**WHAT YOU WILL DO**.
Return the lines of the listing below exactly as they appear, beginning at the one with "Fototapete - A" and stopping after the one with "22″ H Sitting"; do not include pictures.

**DATA IN THIS EXERCISE**.
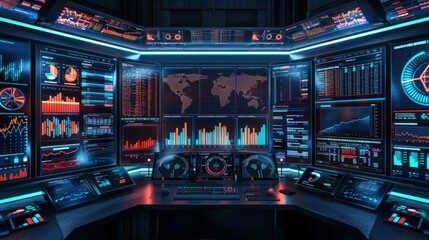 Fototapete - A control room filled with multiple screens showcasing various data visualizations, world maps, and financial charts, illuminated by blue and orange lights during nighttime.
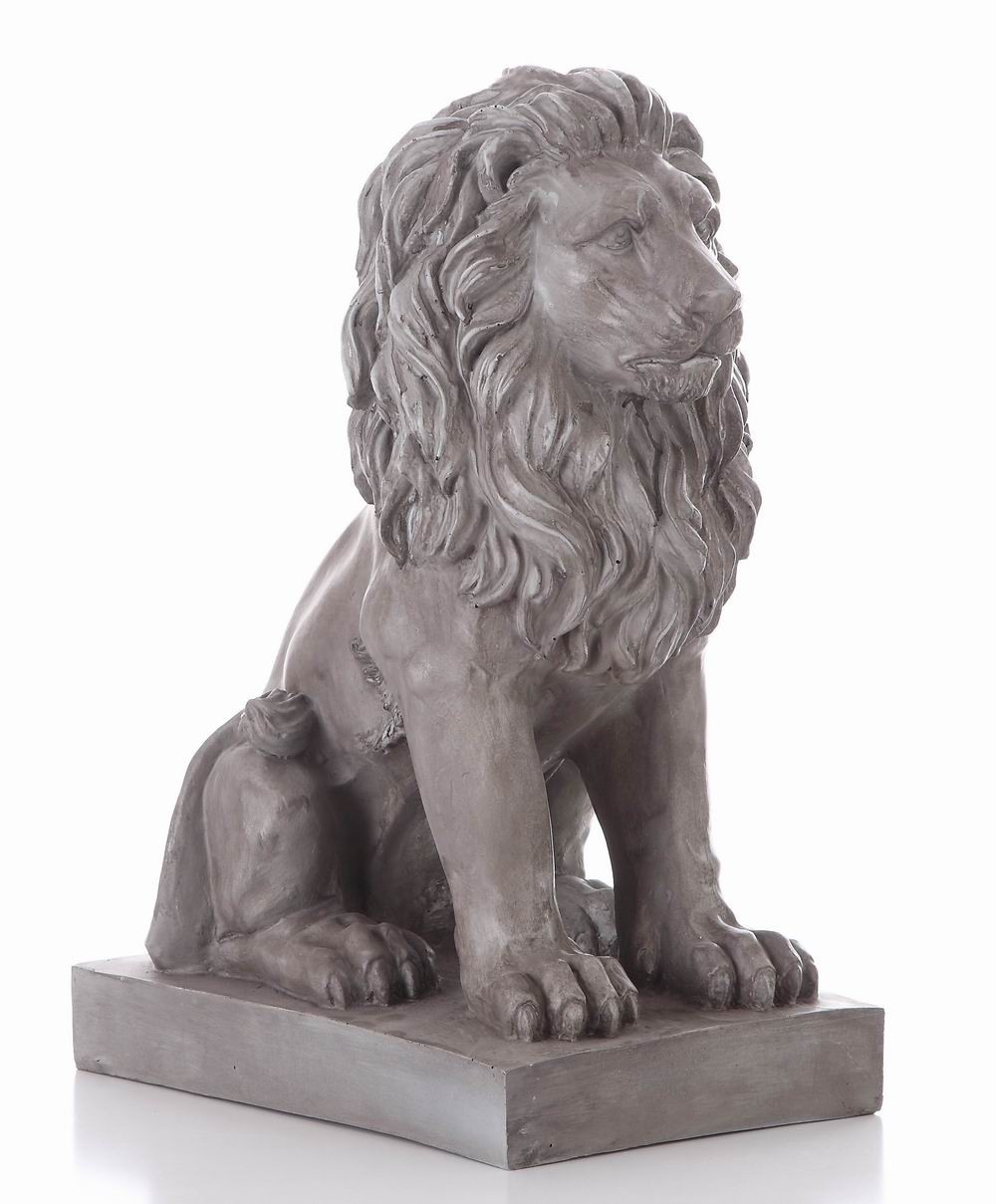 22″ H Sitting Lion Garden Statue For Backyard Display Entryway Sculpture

* * *

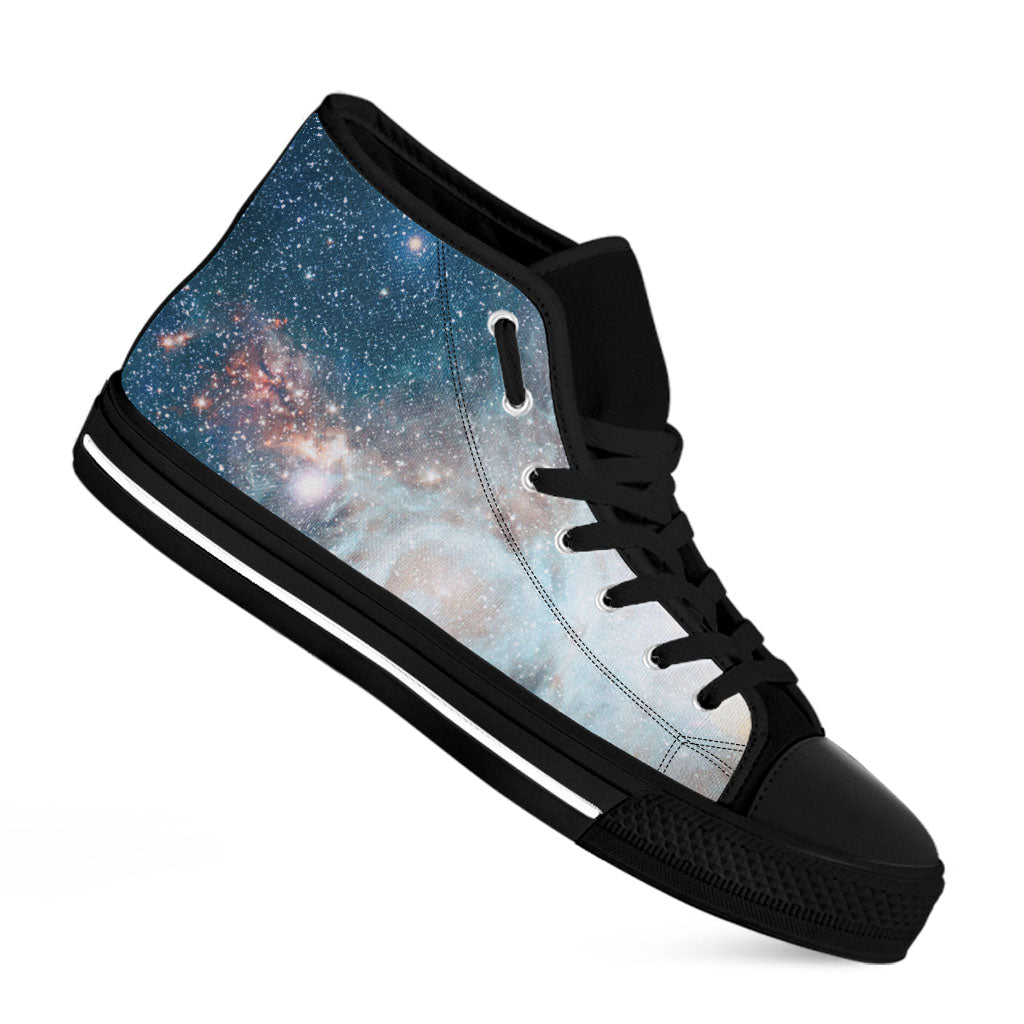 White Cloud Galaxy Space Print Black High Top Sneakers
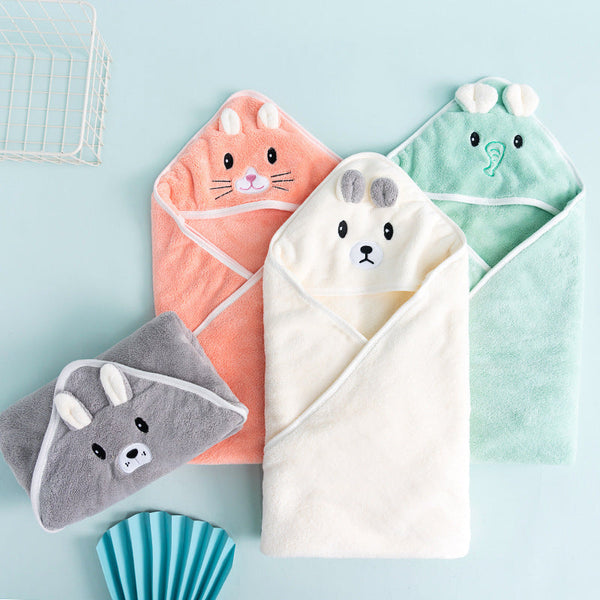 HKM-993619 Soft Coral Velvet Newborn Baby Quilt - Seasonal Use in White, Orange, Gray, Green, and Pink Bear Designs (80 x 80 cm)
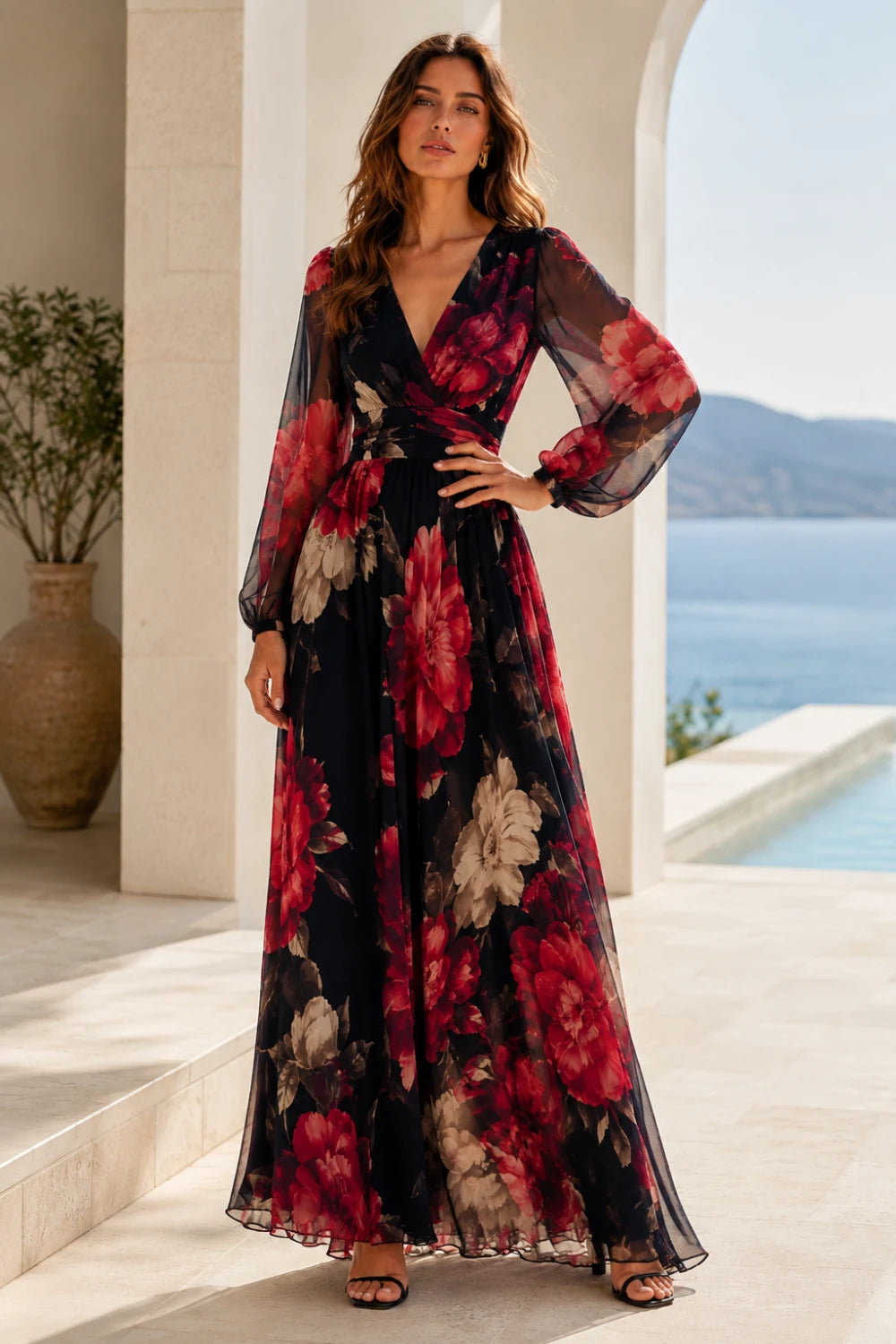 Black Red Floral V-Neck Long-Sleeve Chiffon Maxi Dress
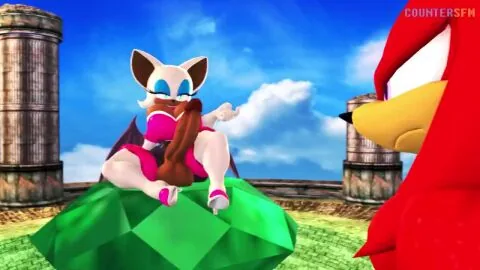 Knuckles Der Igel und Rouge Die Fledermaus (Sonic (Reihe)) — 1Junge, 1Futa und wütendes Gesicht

**WRITTEN REPLY**.
 Fototapete - A control room filled with multiple screens showcasing various data visualizations, world maps, and financial charts, illuminated by blue and orange lights during nighttime.
 22″ H Sitting Lion Garden Statue For Backyard Display Entryway Sculpture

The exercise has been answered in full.